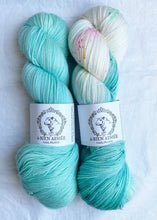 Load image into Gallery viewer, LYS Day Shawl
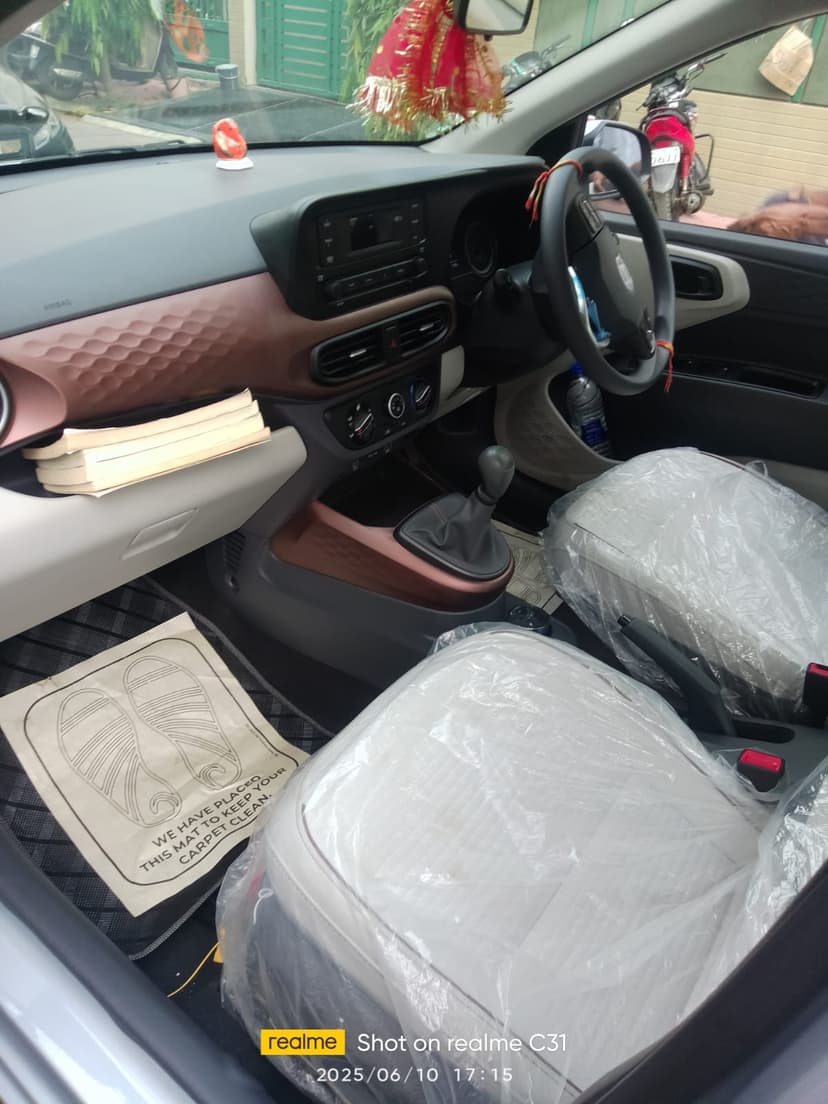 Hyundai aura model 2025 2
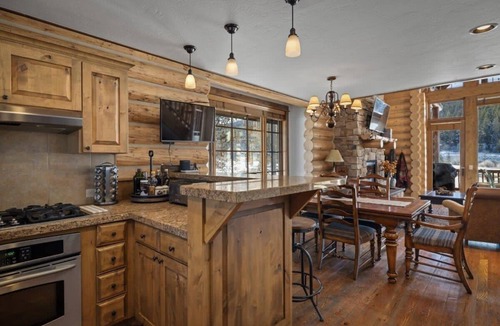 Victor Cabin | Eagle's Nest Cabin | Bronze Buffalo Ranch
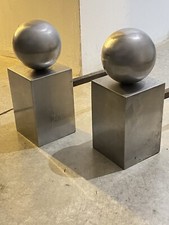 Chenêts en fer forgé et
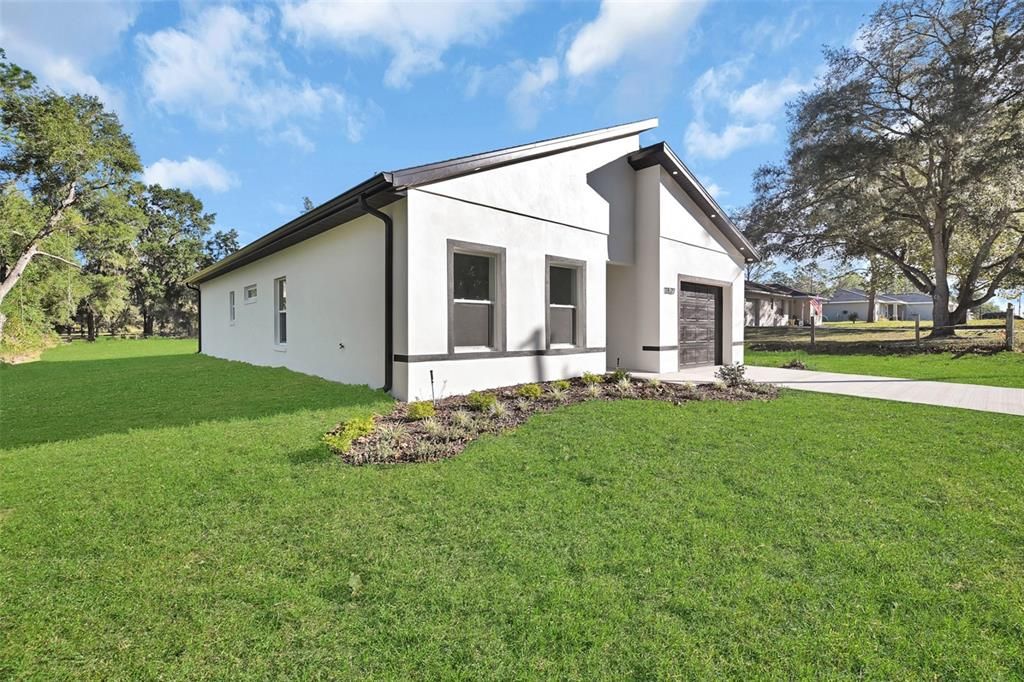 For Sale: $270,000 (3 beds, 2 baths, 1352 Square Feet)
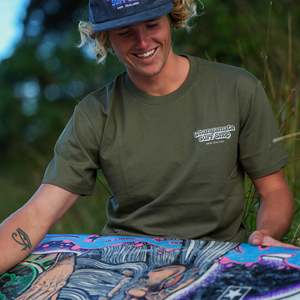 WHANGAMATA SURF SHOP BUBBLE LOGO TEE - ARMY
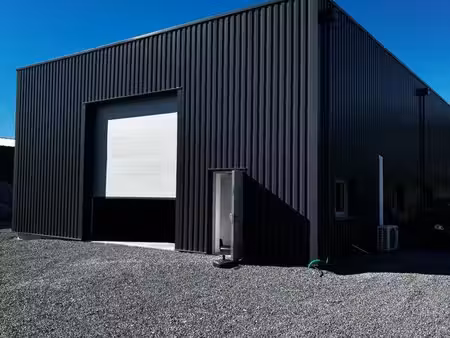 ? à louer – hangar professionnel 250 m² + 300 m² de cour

• **Work order**: Your answer is an exact copy of the records above, stripped of pictures.

• **The answer**:
 Load image into Gallery viewer, LYS Day Shawl
 Hyundai aura model 2025 2
 Victor Cabin | Eagle's Nest Cabin | Bronze Buffalo Ranch
 Chenêts en fer forgé et
 For Sale: $270,000 (3 beds, 2 baths, 1352 Square Feet)
 WHANGAMATA SURF SHOP BUBBLE LOGO TEE - ARMY
 ? à louer – hangar professionnel 250 m² + 300 m² de cour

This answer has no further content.